Not a bad tactic when you’re trying to corner a market.
“Zillow saw this opportunity, about five years ago, to fill what we perceived to be a massive void in academia, government and in the media,” says Spencer Rascoff, the company’s 37-year-old chief executive. “Nobody was providing objective, unbiased data and analysis about what was happening in the real estate and mortgage industries. The people that were providing it represented trade associations with agendas and were advancing particular policy prescriptions for their constituents.”
When Rascoff says “trade associations with agendas,” he means the National Association of Realtors, where the mention of the word “Zillow” makes people recoil in distaste (the Association told its membership that it didn’t take part in a White House online forum in August during which Rascoff interviewed the president on housing because Zillow was a “popular housing entertainment website” and the interview was “not a serious public policy discussion”). While many real estate agents have adapted to leverage Zillow and other listings sites to their advantage, Zillow has also given homebuyers lots of information they used to have to get from professionals, which makes it more difficult for agents to add value.
Zillow’s numbers are different. Rather than just measure what’s selling, their team of over a dozen economists, statisticians, and other analysts pulls in local property databases to value all homes, which owners can then update themselves with attributes like a renovation or a new garage. That creates what’s called a “hedonic” index, which is more difficult to compute but also a better reflection of the entire market. Zillow also prides itself on telling people when the market looks bad, like it did before the real estate bubble popped and as it kept sliding.
“You looked at other industry professionals, and they would tell you the bottom’s right around the corner, things are going to get better.

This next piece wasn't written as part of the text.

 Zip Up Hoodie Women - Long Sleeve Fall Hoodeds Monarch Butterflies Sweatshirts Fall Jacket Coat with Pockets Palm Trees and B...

And month after month after month, we were the only ones saying home values are bad and they’re going to get worse,” Humphries says. “Our business only works if people trust us to be telling them the unbiased truth. We don’t want to tell them now’s a good time to buy and sell, because we believe that now can’t be a good time to be doing both.”
With the “massive void”, anyone can step up to the microphone and be the expert. Zillow is doing a great job at filling the void – and good for them.
Where will they go from here?
It wouldn’t take much more for them to try to take out realtors altogether.
There’s a lot to dislike about zillow but the only reason a vacuum was created is because the NAR tried too hard for too long to keep the information asymmetry they exploited.
Rumor has it you can get fined for fuzzy unreadable pans past a yard sign in a video.
Ha, yes and when they seem like targeted enforcements it shows where the focus is – playing a small game.
Zillow won’t have any rules except transparency, the great equalizer.
Zillow has the benefit of revising their calls and “what we said: as better info rolls in.
They aren’t at the messy end of the stick where the buying decision is made. Nor are they a part of the messy black magic process of closing deals.
Zillow stepped into the void and starting churning out data. A novel mash-up which kicks out a number on EVERY house but it’s worth about what it costs for their users.
Zillow is going to have a hard time monetizing their assets because, in the end, they do very little different than other AVMs. They aren’t even the source for their data. Their differentiation is that they can do it cheaply enough to give it away.
Hats off to them, they have a market cap of $3B with TTM revenues of $150M and an accumulated deficit (losses) of -$85M.
Zillow won’t have any rules except transparency, the great equalizer.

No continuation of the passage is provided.